LISTED RECORDS
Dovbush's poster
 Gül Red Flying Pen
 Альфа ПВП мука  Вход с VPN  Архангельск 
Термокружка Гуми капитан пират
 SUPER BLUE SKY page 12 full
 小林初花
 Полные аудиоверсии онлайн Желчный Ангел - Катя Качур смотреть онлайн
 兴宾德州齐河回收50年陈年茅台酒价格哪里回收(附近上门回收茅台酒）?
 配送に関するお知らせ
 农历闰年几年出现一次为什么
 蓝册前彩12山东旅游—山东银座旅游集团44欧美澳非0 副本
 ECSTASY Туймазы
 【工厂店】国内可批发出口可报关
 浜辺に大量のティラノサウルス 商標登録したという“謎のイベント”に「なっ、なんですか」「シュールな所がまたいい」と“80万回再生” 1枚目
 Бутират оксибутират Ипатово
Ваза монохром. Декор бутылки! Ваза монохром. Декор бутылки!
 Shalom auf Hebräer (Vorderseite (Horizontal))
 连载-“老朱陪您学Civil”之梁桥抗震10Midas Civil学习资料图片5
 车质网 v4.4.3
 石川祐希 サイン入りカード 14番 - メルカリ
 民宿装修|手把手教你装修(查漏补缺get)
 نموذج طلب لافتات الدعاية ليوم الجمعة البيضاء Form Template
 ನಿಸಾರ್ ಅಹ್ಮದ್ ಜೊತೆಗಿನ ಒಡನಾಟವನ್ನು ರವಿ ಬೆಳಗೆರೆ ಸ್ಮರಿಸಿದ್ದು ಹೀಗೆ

ACTIVITY
Copy out, word for word, only the lines from the one with "石川祐希 サイン入りカード 14番 - メルカリ" through the last line of the material above.

WRITTEN RESPONSE
 石川祐希 サイン入りカード 14番 - メルカリ
 民宿装修|手把手教你装修(查漏补缺get)
 نموذج طلب لافتات الدعاية ليوم الجمعة البيضاء Form Template
 ನಿಸಾರ್ ಅಹ್ಮದ್ ಜೊತೆಗಿನ ಒಡನಾಟವನ್ನು ರವಿ ಬೆಳಗೆರೆ ಸ್ಮರಿಸಿದ್ದು ಹೀಗೆ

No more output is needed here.